◆ TASK GOAL: Could you reproduce, word for word, everything below from the line containing "T-shirt Future Maman" down to the line containing "2017成都车展探馆：名爵新款MG3抢先看", with both of those lines included and no others?

── GIVEN RECORDS ──

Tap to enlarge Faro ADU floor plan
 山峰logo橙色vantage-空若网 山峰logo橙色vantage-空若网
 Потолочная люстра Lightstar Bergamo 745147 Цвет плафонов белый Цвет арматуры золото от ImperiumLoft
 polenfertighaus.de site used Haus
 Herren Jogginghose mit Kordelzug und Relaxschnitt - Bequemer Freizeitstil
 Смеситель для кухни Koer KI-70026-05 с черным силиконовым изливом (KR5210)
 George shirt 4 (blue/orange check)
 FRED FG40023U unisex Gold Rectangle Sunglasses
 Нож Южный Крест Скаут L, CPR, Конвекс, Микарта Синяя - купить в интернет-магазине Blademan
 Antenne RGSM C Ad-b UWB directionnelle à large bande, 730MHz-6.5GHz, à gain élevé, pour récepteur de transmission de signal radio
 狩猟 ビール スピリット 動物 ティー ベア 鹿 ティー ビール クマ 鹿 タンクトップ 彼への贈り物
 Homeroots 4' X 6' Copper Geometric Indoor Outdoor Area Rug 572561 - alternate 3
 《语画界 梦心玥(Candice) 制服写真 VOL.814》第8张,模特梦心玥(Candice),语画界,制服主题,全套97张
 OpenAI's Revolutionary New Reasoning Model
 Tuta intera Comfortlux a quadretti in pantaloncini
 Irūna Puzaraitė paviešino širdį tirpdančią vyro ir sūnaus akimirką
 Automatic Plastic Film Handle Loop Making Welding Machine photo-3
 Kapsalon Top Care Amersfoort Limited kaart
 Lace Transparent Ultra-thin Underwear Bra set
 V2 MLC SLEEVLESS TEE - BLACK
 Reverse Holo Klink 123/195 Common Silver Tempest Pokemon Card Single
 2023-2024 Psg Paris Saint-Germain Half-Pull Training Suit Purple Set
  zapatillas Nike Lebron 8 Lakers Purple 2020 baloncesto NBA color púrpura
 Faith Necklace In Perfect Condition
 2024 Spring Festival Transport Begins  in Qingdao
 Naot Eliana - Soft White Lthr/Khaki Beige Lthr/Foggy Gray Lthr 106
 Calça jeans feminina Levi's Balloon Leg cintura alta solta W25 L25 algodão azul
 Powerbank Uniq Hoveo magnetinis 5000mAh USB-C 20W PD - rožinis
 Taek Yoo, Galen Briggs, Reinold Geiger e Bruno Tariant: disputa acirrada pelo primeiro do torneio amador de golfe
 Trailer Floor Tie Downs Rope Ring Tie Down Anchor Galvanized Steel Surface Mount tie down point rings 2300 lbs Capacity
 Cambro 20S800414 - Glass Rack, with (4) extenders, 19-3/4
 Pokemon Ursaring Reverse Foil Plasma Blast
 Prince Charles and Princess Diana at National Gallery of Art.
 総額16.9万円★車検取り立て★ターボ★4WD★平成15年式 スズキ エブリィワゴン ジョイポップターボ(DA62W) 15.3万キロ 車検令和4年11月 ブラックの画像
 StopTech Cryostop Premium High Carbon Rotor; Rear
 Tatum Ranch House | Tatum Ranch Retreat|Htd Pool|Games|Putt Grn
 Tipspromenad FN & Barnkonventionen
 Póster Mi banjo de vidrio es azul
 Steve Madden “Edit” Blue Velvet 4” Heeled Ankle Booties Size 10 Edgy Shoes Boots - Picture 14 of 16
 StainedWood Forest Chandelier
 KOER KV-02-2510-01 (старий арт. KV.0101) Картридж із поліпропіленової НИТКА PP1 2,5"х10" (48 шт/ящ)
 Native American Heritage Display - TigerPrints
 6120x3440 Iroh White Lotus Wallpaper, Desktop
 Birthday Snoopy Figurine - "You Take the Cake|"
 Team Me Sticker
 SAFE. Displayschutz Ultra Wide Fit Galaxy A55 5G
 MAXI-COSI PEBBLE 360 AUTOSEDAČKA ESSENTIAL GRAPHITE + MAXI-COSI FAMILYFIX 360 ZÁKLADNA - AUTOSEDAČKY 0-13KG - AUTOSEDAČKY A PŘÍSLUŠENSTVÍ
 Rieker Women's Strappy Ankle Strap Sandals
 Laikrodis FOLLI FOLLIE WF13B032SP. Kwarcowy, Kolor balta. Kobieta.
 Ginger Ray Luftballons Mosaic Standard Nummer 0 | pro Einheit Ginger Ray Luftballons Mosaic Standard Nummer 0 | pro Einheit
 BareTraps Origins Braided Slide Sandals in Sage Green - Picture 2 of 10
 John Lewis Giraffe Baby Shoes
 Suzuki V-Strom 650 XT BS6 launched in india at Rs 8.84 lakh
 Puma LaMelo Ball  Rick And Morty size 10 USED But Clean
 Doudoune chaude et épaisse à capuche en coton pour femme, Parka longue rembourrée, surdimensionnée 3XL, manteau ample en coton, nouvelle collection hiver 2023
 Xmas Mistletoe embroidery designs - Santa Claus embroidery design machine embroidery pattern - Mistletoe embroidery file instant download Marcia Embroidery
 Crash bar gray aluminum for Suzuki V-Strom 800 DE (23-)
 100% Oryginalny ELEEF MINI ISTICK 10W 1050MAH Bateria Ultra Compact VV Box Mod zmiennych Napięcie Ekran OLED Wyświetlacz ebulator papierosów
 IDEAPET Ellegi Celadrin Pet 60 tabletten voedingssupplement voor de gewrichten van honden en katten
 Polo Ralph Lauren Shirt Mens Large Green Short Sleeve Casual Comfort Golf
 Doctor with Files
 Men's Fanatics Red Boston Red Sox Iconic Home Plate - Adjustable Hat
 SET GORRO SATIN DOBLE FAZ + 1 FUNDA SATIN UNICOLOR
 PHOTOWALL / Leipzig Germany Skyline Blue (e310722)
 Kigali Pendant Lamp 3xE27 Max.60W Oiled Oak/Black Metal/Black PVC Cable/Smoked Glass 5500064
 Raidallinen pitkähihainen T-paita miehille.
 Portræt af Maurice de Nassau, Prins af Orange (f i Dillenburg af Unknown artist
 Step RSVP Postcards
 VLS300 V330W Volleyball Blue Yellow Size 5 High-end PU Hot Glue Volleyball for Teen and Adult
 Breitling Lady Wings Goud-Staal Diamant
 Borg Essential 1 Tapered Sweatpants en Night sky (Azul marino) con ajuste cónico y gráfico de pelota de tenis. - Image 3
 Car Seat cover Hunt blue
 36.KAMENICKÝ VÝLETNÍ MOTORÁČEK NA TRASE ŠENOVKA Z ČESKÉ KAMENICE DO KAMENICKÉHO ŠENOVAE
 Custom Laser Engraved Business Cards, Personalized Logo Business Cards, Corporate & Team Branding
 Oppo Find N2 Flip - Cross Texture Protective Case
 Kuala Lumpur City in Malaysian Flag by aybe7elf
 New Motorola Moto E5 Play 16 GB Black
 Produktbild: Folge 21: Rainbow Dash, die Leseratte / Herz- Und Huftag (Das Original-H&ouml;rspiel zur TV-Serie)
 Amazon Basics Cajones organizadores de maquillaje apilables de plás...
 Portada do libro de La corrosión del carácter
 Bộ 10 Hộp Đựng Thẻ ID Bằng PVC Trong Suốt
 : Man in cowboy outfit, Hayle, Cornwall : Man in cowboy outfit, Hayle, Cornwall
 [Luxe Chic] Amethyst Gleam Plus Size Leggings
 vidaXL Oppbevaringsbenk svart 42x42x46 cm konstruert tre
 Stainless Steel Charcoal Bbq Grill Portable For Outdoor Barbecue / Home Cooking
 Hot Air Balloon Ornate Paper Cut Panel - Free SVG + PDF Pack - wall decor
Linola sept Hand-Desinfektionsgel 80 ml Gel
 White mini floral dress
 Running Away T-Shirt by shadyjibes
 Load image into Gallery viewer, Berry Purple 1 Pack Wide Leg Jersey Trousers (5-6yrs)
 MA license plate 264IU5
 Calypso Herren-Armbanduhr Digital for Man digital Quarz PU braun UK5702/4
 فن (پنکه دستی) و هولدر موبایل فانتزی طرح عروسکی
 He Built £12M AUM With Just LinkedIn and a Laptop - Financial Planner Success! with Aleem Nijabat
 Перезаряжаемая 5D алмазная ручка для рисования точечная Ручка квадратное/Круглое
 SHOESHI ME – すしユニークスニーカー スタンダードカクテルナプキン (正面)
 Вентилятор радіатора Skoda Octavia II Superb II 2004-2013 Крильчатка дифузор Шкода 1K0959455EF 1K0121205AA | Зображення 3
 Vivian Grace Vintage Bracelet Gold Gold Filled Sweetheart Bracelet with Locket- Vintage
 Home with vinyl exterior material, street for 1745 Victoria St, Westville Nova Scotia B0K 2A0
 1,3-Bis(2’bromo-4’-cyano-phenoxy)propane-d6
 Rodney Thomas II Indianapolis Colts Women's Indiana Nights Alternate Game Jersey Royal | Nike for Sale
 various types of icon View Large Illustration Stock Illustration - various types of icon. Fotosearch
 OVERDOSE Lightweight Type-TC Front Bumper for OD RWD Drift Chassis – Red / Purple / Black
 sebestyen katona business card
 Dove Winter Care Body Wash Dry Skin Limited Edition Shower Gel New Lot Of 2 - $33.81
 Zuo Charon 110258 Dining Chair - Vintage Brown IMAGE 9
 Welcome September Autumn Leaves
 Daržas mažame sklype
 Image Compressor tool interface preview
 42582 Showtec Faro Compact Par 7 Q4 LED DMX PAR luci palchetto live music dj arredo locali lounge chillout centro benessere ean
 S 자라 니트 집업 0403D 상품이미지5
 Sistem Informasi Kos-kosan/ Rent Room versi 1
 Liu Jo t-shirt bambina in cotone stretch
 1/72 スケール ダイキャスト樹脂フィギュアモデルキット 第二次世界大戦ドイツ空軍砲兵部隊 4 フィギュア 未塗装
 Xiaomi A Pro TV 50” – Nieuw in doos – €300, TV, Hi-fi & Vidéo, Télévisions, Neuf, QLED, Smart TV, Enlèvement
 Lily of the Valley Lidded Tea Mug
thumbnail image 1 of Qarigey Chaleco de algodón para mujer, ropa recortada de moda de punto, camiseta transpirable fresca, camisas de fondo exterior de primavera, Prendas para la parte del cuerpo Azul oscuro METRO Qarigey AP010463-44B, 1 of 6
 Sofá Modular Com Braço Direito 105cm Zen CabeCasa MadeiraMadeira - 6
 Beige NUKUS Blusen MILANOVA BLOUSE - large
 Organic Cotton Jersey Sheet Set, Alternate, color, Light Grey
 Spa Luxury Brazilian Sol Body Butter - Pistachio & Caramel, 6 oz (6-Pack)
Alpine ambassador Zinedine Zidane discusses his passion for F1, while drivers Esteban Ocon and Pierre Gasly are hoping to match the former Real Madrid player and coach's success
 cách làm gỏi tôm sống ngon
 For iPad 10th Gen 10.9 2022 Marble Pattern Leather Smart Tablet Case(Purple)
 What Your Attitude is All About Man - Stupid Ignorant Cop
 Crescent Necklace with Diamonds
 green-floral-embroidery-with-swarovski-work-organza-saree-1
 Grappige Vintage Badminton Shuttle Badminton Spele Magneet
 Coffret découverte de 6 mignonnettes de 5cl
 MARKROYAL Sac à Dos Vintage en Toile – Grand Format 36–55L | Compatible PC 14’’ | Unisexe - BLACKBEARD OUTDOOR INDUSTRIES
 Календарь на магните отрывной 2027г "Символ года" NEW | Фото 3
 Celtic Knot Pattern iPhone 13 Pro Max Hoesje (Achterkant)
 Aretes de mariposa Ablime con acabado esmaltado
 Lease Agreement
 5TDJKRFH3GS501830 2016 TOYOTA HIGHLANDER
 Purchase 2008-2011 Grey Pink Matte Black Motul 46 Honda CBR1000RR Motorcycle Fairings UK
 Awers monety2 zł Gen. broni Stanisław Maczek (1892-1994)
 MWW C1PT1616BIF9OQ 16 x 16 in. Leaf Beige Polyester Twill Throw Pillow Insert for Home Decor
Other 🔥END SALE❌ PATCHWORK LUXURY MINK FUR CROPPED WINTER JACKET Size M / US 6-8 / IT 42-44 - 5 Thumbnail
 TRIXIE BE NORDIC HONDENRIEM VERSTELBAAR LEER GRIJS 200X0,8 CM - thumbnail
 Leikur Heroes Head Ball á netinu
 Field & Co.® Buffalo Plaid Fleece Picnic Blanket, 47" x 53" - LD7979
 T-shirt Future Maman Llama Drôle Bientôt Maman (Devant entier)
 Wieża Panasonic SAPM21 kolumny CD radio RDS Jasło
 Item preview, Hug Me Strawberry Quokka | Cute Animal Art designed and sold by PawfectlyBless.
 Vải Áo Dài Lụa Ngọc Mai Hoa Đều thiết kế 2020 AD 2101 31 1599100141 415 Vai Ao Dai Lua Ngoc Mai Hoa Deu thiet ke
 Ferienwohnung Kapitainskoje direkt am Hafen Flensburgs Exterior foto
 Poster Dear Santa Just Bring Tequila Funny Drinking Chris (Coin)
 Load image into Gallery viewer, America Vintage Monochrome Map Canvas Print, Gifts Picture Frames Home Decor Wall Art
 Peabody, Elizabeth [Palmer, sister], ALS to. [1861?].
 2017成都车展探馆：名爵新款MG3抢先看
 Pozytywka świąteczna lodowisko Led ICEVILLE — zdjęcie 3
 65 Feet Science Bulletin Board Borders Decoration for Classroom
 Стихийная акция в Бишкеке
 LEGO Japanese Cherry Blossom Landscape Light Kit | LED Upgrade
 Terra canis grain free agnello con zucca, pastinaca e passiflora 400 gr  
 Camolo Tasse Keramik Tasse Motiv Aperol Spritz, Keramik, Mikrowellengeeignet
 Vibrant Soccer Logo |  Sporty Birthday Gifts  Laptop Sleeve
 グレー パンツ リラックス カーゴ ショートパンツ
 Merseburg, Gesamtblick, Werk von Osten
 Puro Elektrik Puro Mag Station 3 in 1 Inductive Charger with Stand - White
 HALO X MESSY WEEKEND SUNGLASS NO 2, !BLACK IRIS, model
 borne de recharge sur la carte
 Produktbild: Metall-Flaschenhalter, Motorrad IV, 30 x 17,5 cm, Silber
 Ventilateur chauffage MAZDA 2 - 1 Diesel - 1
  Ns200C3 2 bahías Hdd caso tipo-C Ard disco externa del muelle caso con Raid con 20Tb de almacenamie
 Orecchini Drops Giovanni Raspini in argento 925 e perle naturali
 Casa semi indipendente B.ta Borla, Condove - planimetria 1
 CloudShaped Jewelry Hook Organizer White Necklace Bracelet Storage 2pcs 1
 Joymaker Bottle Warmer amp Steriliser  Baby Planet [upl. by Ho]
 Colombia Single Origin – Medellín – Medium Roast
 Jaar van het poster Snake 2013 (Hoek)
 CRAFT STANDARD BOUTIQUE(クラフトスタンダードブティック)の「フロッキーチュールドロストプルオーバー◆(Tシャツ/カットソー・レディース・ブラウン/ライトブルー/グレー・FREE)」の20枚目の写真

───

◆ WRITTEN RESPONSE:
 T-shirt Future Maman Llama Drôle Bientôt Maman (Devant entier)
 Wieża Panasonic SAPM21 kolumny CD radio RDS Jasło
 Item preview, Hug Me Strawberry Quokka | Cute Animal Art designed and sold by PawfectlyBless.
 Vải Áo Dài Lụa Ngọc Mai Hoa Đều thiết kế 2020 AD 2101 31 1599100141 415 Vai Ao Dai Lua Ngoc Mai Hoa Deu thiet ke
 Ferienwohnung Kapitainskoje direkt am Hafen Flensburgs Exterior foto
 Poster Dear Santa Just Bring Tequila Funny Drinking Chris (Coin)
 Load image into Gallery viewer, America Vintage Monochrome Map Canvas Print, Gifts Picture Frames Home Decor Wall Art
 Peabody, Elizabeth [Palmer, sister], ALS to. [1861?].
 2017成都车展探馆：名爵新款MG3抢先看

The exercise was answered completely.